▶ [Your assignment]: Only a number is expected in reply: the count of lines below where the word "Brown" occurs.

▶ [Extracted information]:
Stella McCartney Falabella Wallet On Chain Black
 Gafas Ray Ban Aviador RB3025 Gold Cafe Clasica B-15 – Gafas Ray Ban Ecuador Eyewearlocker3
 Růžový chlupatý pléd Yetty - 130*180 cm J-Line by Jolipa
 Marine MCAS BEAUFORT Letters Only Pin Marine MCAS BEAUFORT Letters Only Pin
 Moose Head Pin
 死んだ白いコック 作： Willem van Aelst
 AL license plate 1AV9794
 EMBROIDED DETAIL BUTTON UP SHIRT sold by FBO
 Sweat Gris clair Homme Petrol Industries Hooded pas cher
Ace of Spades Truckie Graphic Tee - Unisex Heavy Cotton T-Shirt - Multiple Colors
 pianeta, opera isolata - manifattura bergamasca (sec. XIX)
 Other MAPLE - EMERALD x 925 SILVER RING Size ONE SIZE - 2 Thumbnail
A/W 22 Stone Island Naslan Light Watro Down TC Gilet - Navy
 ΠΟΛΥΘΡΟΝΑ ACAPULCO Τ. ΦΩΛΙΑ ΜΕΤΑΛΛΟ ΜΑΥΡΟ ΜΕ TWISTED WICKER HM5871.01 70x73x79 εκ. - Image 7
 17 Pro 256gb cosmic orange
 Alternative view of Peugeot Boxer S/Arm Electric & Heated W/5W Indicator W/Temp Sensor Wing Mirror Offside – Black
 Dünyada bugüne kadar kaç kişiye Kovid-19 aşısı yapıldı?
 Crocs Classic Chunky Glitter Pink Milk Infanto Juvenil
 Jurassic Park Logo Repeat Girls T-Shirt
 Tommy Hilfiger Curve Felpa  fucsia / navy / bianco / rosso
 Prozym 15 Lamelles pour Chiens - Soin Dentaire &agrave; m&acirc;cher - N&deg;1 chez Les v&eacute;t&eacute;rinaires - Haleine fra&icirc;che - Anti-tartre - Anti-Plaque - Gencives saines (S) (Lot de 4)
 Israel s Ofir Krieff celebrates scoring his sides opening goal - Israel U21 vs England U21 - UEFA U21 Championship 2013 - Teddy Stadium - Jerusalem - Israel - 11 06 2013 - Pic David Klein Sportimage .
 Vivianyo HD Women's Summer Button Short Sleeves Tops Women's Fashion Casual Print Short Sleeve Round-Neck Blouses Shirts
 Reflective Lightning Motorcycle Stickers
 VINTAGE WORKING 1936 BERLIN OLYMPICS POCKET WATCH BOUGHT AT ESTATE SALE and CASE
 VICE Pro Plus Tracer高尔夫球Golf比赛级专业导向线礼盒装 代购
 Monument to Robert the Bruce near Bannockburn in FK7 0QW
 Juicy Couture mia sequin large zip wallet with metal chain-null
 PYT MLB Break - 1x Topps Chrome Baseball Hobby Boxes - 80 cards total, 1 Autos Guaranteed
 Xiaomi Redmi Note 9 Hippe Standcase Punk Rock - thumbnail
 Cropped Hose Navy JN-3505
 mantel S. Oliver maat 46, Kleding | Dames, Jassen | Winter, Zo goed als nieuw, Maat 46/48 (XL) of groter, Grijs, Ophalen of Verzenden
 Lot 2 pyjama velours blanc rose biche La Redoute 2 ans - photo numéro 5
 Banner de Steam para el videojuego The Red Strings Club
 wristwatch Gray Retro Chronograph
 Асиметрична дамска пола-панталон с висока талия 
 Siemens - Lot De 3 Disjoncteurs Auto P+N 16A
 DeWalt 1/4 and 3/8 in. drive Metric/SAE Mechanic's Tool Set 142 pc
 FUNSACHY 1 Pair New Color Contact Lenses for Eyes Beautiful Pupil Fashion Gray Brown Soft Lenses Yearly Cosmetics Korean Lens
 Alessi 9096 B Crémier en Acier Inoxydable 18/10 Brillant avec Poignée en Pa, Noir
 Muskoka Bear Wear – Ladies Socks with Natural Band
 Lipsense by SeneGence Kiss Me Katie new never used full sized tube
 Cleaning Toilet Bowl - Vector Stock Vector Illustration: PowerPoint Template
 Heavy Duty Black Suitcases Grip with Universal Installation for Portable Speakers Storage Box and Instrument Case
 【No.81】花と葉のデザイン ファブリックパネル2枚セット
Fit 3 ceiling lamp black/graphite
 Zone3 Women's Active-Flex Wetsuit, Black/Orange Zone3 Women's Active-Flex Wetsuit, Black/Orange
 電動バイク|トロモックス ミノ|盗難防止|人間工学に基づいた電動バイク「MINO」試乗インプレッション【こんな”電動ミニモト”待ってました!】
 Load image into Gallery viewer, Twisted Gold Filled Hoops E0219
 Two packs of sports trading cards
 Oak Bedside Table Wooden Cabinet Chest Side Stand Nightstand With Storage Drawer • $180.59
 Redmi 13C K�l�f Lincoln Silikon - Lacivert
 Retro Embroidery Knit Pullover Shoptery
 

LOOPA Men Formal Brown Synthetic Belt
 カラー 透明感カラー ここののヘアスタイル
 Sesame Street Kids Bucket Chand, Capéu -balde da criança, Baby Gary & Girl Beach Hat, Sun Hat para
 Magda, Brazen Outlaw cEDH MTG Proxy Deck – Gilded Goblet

▶ [The completed task]: 2